- _DATA SHOWN_
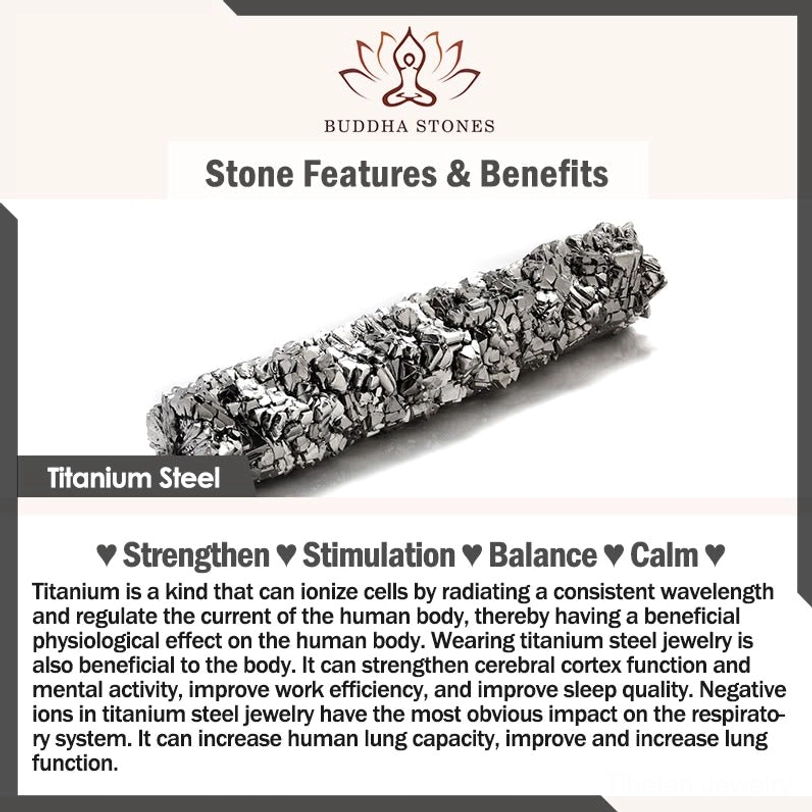 Titanium steel material benefits poster showing crushed titanium stone and wellness properties
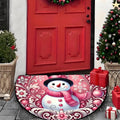 Pink Snowman Half-Round Doormat – Anti-Slip | 3 Sizes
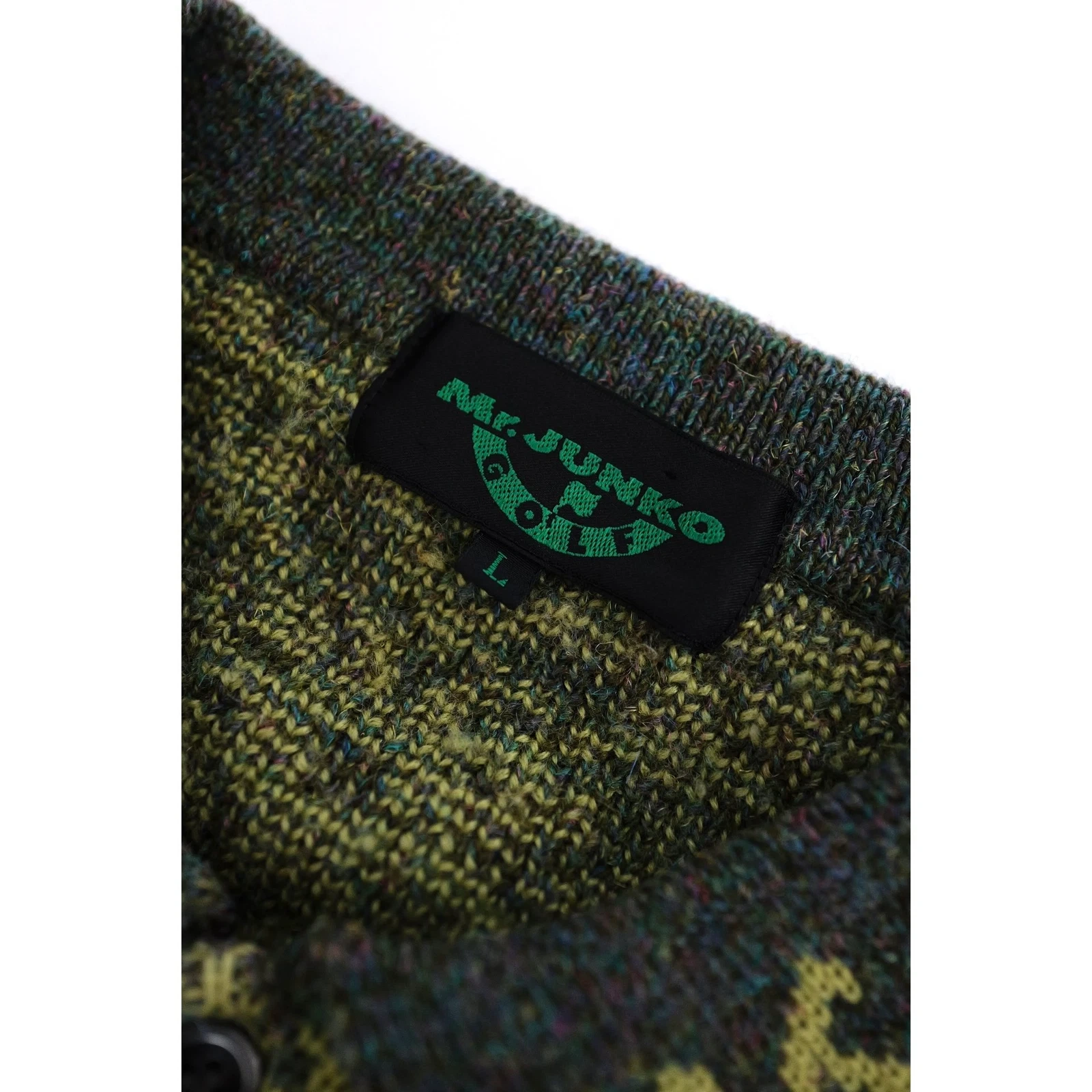 JUNKO KOSHINO Pull en laine Vert vintage, passéist — photo 4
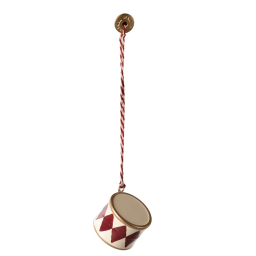 Vianočná plechová ozdoba Drum Small Red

- _INSTRUCTIONS TO FOLLOW_
All lines from the one containing "JUNKO KOSHINO Pull" through the end of the data are to be restated exactly, with nothing else and without the pictures.

- _ANSWER BELOW_
 JUNKO KOSHINO Pull en laine Vert vintage, passéist — photo 4
 Vianočná plechová ozdoba Drum Small Red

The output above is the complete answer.